Lauréat du concours « 10 jours pour un film » édition 2019 organisé par le Goethe Institut et le festival Écrans Noirs, Joseph Akama revient cette année avec un deuxième court métrage « Into the Den ». Un court encore plus ambitieux que le précédent sur le plan technique et artistique. Le film sera projeté le 5 novembre 2020 à Yaoundé à l’occasion de la 24eme édition du Festival Écrans Noirs.
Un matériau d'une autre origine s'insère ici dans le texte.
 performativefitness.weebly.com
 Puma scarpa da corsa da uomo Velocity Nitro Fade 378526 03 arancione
Joseph Akama nous a accordé une longue interview et nous a entretenu sur les contours de ce projet et sur sa vision du cinéma.
Alerte spoiler!
Interview réalisé le 24 octobre 2020
J’aimerai apporter un air frais et me démarquer du style de cinéma qu’on a l’habitude de voir en Afrique et au Cameroun.
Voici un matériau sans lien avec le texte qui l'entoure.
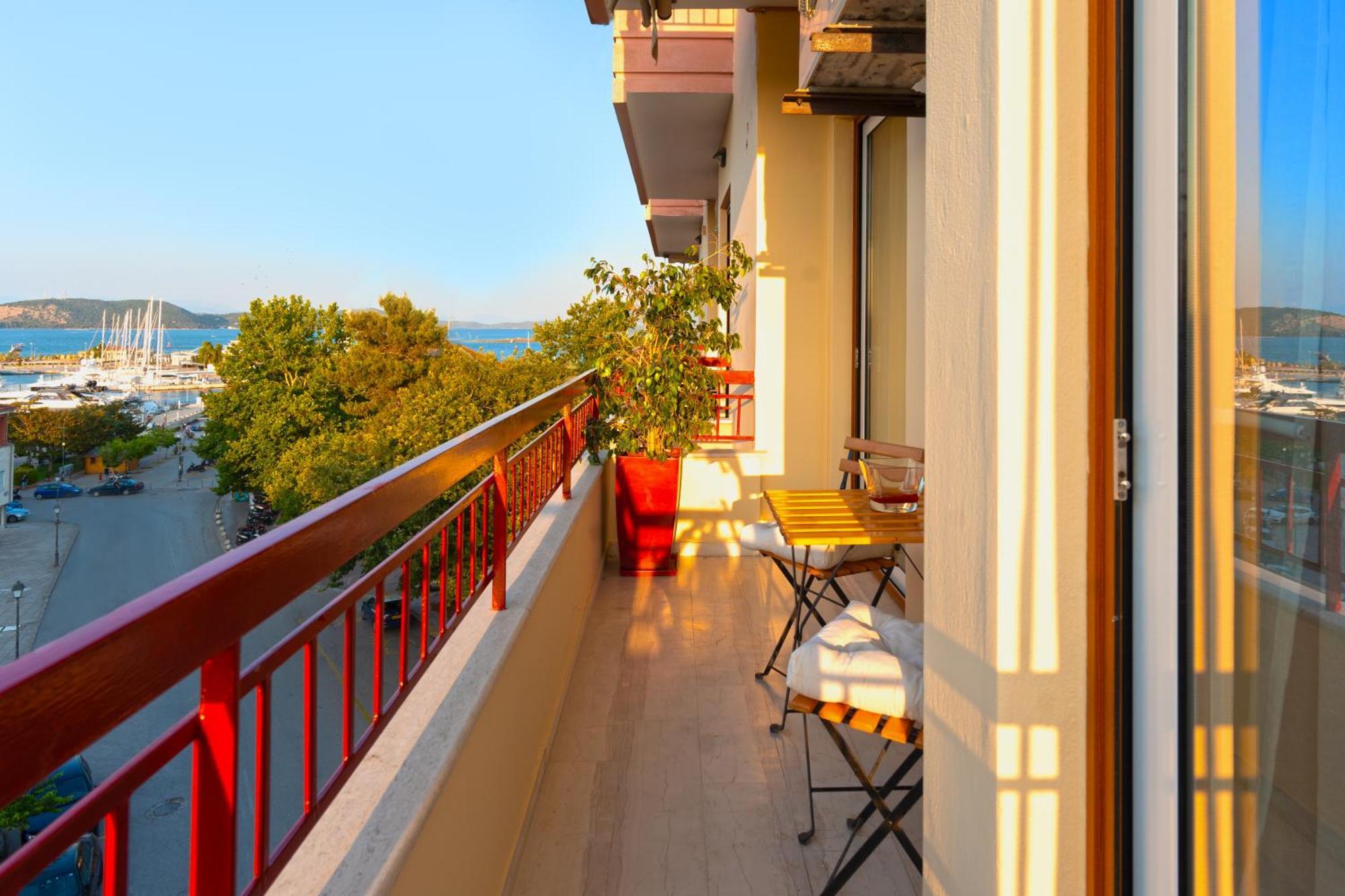 Appartement Preveza Seaview Extérieur photo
Ayila : Tu viens de finir le tournage de ton deuxième court métrage, Into The Den, comment s’est déroulé le tournage et tu es à quel niveau aujourd’hui ?
Joseph Akama : Le tournage s’est déroulé comme tous les tournages, pas comme prévu ! (rire) Il a fallu beaucoup improviser, beaucoup s’adapter pour combler mes besoins en tant que scénariste-réalisateur et aussi pour combler les objectifs que nous nous étions fixés avec 103 Films, avec les techniciens et les gens qui nous ont fait confiance sur le projet.
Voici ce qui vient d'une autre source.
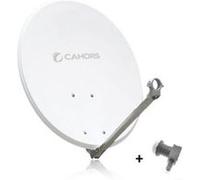 Antenne parabolique 65cm alu + lnb Cahors 141201r13 G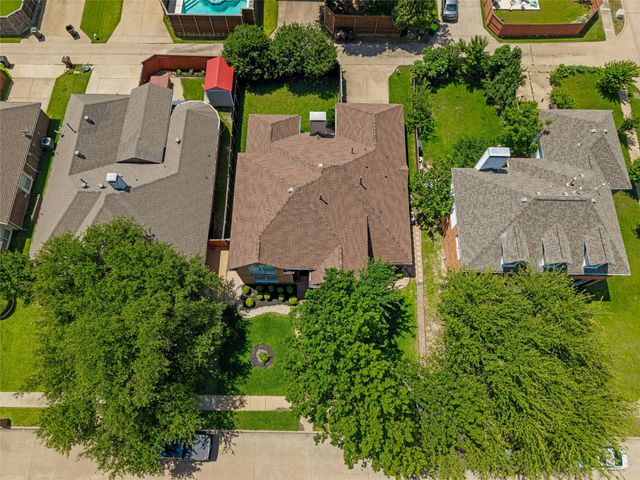 1432 Honey Locust Drive, Plano, TX 75023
Dans Into the Den (ITD), tu nous embarques dans un univers très connu par le public africain, la sorcellerie, mais qui est malheureusement rarement raconté par les cinéastes africains.
J’aimerai apporter un air frais et me démarquer du style de cinéma qu’on a l’habitude de voir en Afrique et au Cameroun. Je voudrai m’éloigner des drames, des films de salons, des comédies, des films à pathos et extrêmement tragiques. Je suis particulièrement fan des films thriller, des films psychologiques, des films qui explorent les différentes émotions et je pense que c’est un peu dans ça que l’on se retrouve dans ITD, c’est un thriller fantastique. Je trouve que le gros challenge, c’est de faire des films qui sont à la fois divertissants et intelligents. Par intelligent je veux dire un film où le réalisateur ne te prend pas pour quelqu’un qui ne sait pas regarder un film. Le réalisateur ne te donne pas tout, il laisse des trous et te laisse combler ces trous; il te laisse découvrir le film, il laisse des paratextes, des signes, des symboles mais évidemment sans que ça ne rende le film irregardable pour celui qui n’a pas ces notions ou qui ne peut pas aller au 2eme degré ou au 3eme degré de lecture.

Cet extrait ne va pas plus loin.